How to prove whether the equation set has a unique solution?

Question

\begin{eqnarray} \begin{cases} \sin A \sin C-(\sin B)^2=0 \cr AC-B^2=0 \cr A+B+C-\pi=0 \cr A>0,B>0,C>0 \end{cases} \end{eqnarray}

How to prove whether the equation set has a unique solution or not ?

Answer 1

Assume WLOG due to symmetry that $A\leq C$ and let us rule out $A<C$. So suppose $A<C$. Then by the second equation $B=\sqrt{AC}$ so then $A<B<C$.

If the first equation holds there is some constant $\gamma>0$ such that $$ \gamma=\frac{\sin(B)}{\sin(A)}=\frac{\sin(C)}{\sin(B)} $$ Similarly, if the second equation holds we have another constant $\lambda>0$ such that $$ \lambda=\frac BA=\frac CB $$ Since $\sin(x)$ is concave on the interval $[0,\pi]$ the line through $(0,0)$ and $(A,\sin(A))$ passes above the point $(B,\sin(B))$, so we have the relation of slopes $$ \frac{\sin(B)}{B}<\frac{\sin(A)}{A}\implies \gamma<\lambda $$ Combining these informations, we see that the three points $$ \begin{align} (A,\sin(A))&\\ (B,\sin(B))&=(\lambda A,\gamma\sin(A))\\ (C,\sin(C))&=(\lambda^2 A,\gamma^2\sin(A)) \end{align} $$ must lie on the graph of the same power function $f(x)=a\cdot x^b$ for some $a>0$ and $0<b<1$. But this is impossible, since $$ g(x)=\sin(x)-a\cdot x^b $$ has derivative $g'(x)=\cos(x)-ab\cdot x^{b-1}$, and $x\mapsto ab\cdot x^{b-1}$ is positive and convex (since $b-1<0$) so it intersects the positive part of $x\mapsto \cos(x)$, which is concave, at most twice. Thus $g'(x)$ has at most two zeros and $g(x)$ has at most three zeros, one being at $x=0$. So $g(A)=g(B)=g(C)=0$ is impossible for any triple $0<A<B<C$.

---

So this implies that we can only hope to find a solution where $A=C$. Then quickly $A=B=C=\frac{\pi}{3}$ pops out as the only solution.

Answer 2

The third and fourth conditions tell me you are investigating a triangle. So fixing points $A$ and $B$ of a triangle $ABC$, I plotted the first two conditions depending on where $C$ might lie:

The color code is as follows:

\begin{alignat*}{2} \text{Blue:}&\qquad& \sin A\sin C-\sin^2B &> 0 &\qquad AC-B^2 &> 0 \\ \text{Magenta:}&& \sin A\sin C-\sin^2B &> 0 &\qquad AC-B^2 &< 0 \\ \text{Yellow:}&& \sin A\sin C-\sin^2B &< 0 &\qquad AC-B^2 &< 0 \end{alignat*}

So the inner boundary line between blue and magenta is where the second equation is satisfied, while the outer boundary line between magenta and yellow is where the first equation is satisfied. Both equations can only be satisfied simultaneously if the two curves touch, which they only do in the labeled point $C$, the corner of a regular triangle.

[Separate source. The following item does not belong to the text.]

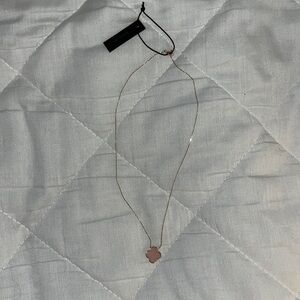 14K GOLD NECKLACE!! NWT Kendra Scott dupe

Now that I think about it, that plot is needlessly breaking the symmetry of the situation. I should fix $A$ and $C$ and plot depending on the position of $B$:

Of course, such a plot is not a proof, but it might help others in finding a proof. And for me personally it is enough to convince me that the regular triangle is indeed the only solution here.

For those interested, the plot displayed above was created with Cinderella, using its colorplot function.